PROMPT: Copy out each line below containing "Phone".

Segment Start: DATA TO EXAMINE

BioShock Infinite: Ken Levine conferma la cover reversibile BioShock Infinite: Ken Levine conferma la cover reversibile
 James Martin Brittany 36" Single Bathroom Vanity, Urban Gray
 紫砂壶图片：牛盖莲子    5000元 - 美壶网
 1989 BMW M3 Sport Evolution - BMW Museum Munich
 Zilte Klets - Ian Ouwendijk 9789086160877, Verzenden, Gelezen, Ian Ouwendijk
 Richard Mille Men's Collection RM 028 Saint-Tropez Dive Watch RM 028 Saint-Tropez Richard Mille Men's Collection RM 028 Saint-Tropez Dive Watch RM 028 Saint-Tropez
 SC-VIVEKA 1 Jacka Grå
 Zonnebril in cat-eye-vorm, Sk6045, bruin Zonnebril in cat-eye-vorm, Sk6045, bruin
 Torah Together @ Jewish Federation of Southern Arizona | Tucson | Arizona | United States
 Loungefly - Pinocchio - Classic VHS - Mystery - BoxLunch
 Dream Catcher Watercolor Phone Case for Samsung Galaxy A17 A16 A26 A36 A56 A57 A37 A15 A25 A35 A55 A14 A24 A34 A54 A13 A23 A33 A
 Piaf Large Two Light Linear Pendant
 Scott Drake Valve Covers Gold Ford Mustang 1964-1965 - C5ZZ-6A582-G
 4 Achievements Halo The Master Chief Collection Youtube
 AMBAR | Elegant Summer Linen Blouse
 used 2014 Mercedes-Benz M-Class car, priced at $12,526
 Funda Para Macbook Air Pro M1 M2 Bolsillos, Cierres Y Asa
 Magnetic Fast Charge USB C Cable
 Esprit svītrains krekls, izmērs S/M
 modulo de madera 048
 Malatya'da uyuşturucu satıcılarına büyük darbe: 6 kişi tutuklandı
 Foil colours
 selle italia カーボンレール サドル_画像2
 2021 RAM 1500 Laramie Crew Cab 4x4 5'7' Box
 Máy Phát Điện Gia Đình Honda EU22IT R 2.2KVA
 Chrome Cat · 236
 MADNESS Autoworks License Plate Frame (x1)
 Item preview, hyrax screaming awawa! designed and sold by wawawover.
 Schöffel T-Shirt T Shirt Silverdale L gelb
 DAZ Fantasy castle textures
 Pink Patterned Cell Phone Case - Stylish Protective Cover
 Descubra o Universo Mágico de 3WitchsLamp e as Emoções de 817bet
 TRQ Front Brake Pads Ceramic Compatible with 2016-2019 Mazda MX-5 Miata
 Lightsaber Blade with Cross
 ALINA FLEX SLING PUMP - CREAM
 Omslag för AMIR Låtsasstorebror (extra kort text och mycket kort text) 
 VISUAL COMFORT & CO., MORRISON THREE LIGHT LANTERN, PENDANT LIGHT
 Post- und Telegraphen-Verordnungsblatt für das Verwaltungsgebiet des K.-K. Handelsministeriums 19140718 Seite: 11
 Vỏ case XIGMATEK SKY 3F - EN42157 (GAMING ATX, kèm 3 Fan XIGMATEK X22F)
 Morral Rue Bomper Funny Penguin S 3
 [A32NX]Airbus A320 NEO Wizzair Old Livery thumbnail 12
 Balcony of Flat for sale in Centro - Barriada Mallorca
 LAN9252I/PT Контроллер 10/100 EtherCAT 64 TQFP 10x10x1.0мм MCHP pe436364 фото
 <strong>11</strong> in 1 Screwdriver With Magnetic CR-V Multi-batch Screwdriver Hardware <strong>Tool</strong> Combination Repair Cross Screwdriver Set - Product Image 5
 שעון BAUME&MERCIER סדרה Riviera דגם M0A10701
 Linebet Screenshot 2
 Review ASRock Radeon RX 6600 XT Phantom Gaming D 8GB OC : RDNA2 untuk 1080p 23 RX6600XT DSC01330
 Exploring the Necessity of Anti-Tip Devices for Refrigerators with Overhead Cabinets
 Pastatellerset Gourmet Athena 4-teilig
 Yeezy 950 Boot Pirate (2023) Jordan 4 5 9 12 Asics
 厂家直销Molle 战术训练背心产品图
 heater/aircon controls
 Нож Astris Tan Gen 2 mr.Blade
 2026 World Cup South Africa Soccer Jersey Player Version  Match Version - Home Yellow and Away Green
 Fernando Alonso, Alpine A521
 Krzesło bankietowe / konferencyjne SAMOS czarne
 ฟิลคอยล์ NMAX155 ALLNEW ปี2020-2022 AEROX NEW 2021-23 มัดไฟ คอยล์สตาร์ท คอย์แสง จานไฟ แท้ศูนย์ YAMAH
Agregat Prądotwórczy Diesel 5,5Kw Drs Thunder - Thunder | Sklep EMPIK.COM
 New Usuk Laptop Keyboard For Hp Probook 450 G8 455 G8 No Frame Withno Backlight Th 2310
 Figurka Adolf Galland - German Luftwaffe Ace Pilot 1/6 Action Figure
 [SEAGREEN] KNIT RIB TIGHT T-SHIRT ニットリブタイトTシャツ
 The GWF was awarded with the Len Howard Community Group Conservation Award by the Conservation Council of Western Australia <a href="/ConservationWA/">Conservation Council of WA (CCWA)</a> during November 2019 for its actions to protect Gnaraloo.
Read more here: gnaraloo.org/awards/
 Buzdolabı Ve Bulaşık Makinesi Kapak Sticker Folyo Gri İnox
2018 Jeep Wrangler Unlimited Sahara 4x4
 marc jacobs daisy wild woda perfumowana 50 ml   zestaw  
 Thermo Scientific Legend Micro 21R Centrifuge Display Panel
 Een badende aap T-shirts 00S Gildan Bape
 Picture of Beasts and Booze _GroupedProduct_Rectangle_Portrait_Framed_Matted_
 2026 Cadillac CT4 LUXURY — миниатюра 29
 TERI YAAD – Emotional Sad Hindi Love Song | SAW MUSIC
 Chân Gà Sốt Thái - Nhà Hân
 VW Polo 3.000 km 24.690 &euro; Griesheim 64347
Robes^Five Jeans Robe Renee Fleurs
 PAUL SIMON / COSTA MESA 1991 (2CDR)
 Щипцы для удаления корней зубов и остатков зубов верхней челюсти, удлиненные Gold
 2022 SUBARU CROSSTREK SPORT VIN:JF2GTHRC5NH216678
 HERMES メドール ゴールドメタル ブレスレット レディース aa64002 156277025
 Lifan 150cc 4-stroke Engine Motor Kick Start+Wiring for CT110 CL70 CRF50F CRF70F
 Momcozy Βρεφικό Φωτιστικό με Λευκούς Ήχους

Segment End: DATA TO EXAMINE

EXPECTED ANSWER:
 Dream Catcher Watercolor Phone Case for Samsung Galaxy A17 A16 A26 A36 A56 A57 A37 A15 A25 A35 A55 A14 A24 A34 A54 A13 A23 A33 A
 Pink Patterned Cell Phone Case - Stylish Protective Cover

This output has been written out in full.